◆ Exercise prompt ◆
Go to the line that contains "How to Back Up Google Keep Notes.". Restate that line and each one after it exactly, through the end of the records, without pictures.

(Beginning of Records shown)

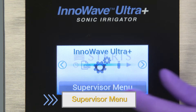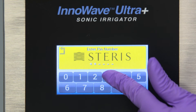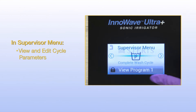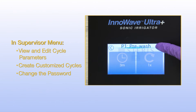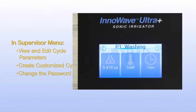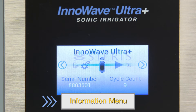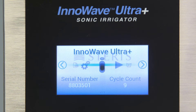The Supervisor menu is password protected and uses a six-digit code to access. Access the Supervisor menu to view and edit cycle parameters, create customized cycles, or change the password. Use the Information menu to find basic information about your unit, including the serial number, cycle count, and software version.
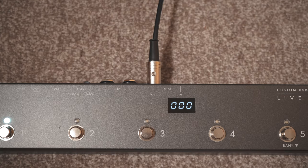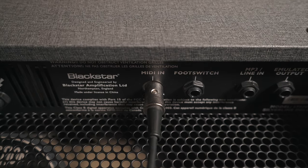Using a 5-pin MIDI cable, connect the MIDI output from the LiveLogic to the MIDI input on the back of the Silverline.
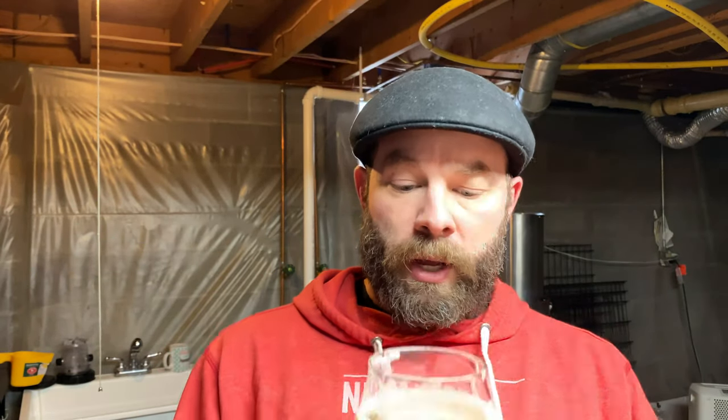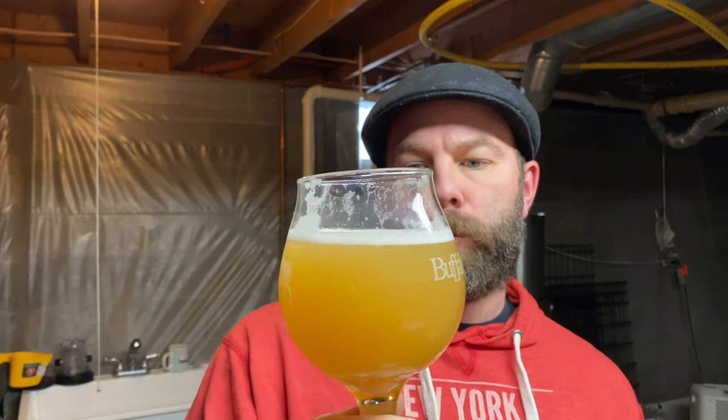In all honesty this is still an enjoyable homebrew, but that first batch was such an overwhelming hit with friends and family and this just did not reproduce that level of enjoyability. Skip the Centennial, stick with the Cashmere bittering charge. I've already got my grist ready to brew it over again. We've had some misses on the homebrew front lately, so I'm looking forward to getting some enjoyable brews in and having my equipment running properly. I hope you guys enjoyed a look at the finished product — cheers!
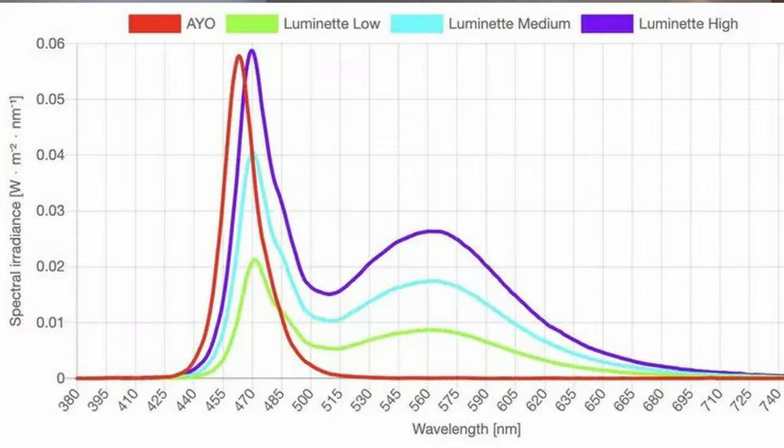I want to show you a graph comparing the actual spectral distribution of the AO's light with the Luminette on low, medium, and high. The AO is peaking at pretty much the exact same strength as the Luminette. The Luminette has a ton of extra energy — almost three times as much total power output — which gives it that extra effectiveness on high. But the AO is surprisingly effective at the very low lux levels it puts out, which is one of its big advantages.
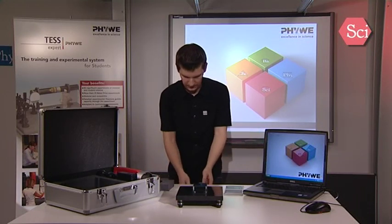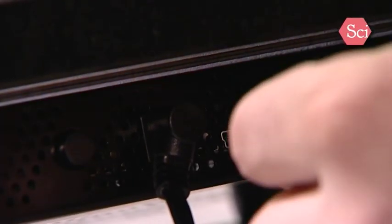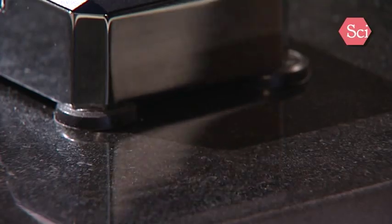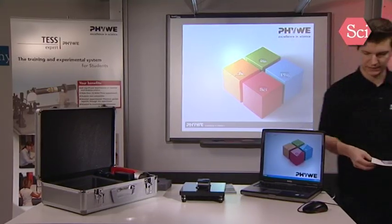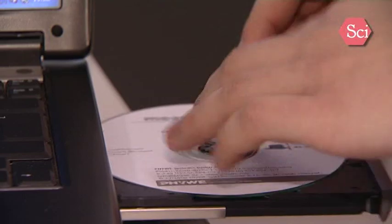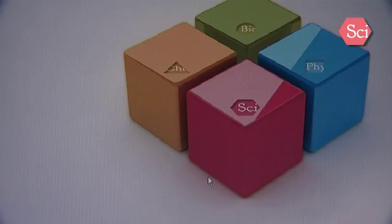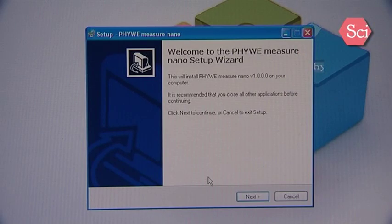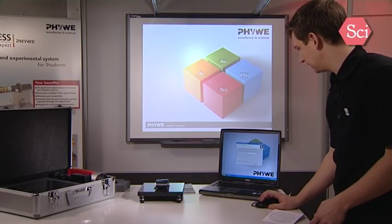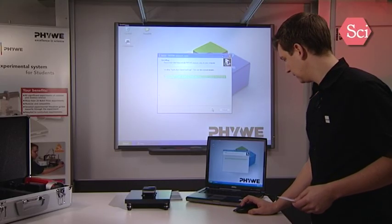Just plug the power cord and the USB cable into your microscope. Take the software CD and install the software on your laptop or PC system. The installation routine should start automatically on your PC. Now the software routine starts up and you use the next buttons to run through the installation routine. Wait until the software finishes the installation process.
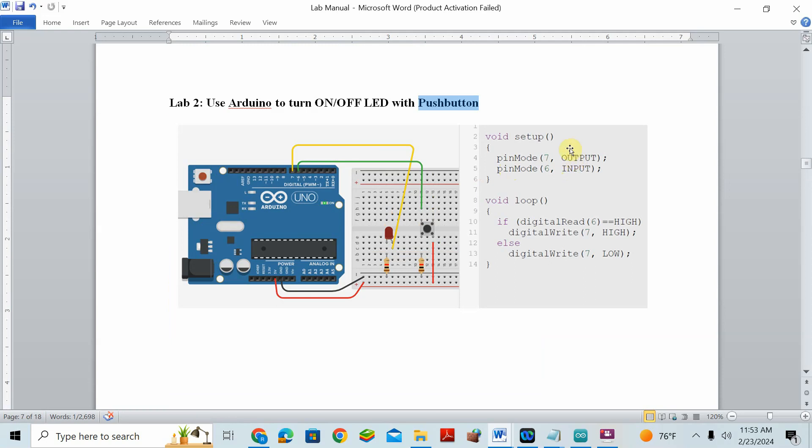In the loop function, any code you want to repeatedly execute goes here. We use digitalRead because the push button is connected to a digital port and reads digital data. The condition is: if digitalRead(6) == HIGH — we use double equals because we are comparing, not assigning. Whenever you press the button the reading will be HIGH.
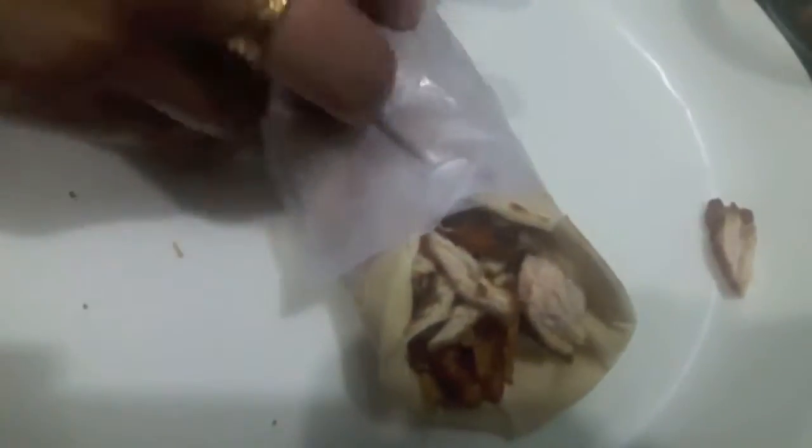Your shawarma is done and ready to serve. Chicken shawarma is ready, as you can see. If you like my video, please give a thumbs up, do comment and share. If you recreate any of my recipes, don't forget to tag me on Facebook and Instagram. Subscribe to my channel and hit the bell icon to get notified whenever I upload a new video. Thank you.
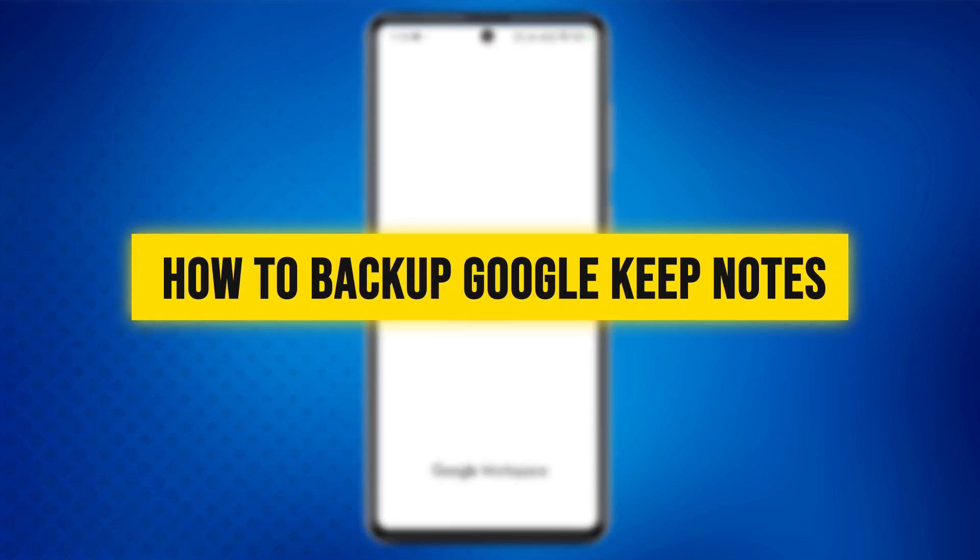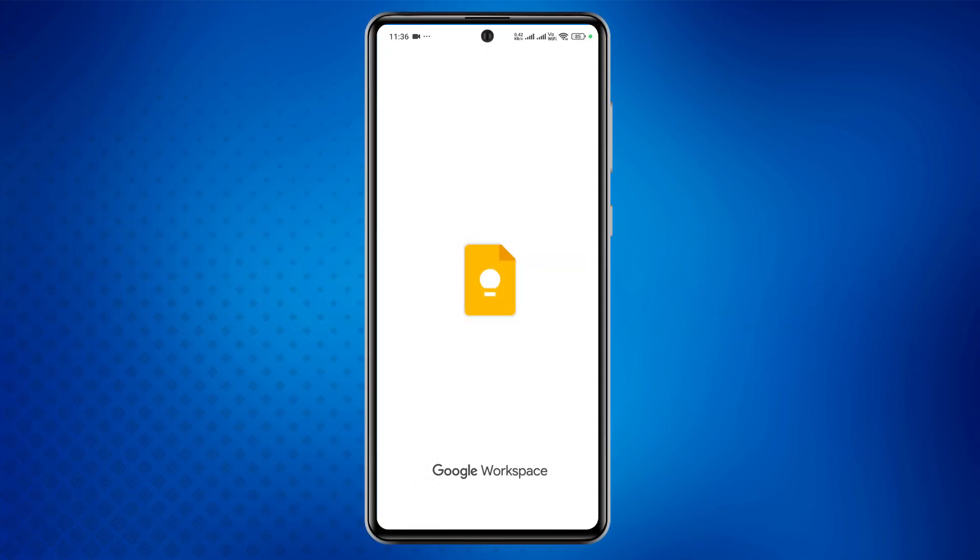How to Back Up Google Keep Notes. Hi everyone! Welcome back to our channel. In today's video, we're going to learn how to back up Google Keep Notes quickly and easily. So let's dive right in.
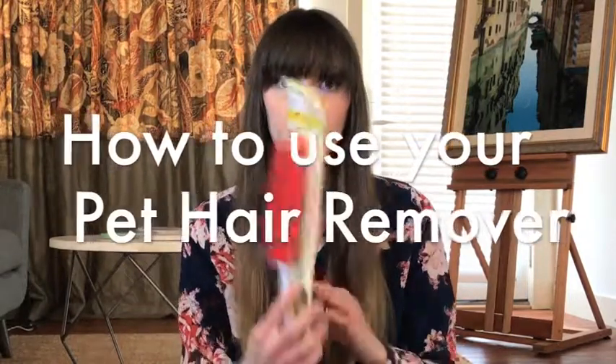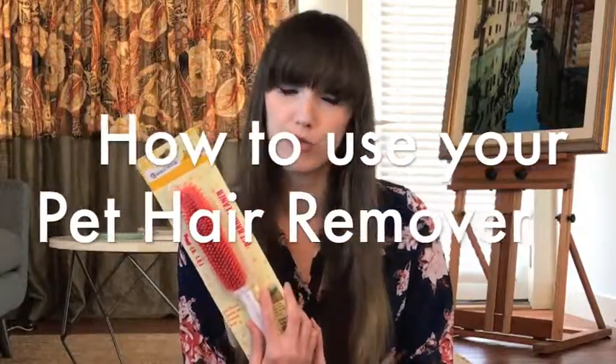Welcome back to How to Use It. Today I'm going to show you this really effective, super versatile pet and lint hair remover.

(End of Records shown)

◆ Solution for this task ◆
How to Back Up Google Keep Notes. Hi everyone! Welcome back to our channel. In today's video, we're going to learn how to back up Google Keep Notes quickly and easily. So let's dive right in.
Welcome back to How to Use It. Today I'm going to show you this really effective, super versatile pet and lint hair remover.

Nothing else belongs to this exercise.